I have a major problem with this brown/black algae all over the leaves of my plants (especially the ones at the bottom of the tank)

The leaves start of well, nice and green and healthy after a few weeks they
start to get the covering until they are completely covered.
My tank has been up and running for 2 years now and still getting the problems.

Tank Details
190L tank (but probably about 160L water in the tank with substrate, wood etc)
2 x 55W AH Supply Bright Kit
JBL CO2

All water parameters are within what is recommended and I'm dosing as the EI
recommendations.

Plants are growing really well but always had this problem

I have an internal filter (because it was built in when I got the tank) and am using carbon sponge along with course and fine sponges. Someone mentioned that you shouldn't use carbin filters in a planted tank ? Anyone have any views on this.

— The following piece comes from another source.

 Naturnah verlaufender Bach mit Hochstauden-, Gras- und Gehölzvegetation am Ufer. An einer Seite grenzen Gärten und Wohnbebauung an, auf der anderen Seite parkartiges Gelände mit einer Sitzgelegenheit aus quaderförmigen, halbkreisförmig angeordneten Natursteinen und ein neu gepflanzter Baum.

I do know the phosphate content of my water supply is sky high
It's well off the scale of the test kits and I've checked with my local
water company and this is in line with what they put in the supply 

Please help


----------



## RachPreach (Jan 16, 2006)

hey im having the same problem...check out my thread "I got crap on my plants" in the algae section.


----------



## GazK (Feb 2, 2006)

I read that thread
I couldn't see any solutions on it though
Are you getting anywhere ?


----------



## bulrush (May 7, 2007)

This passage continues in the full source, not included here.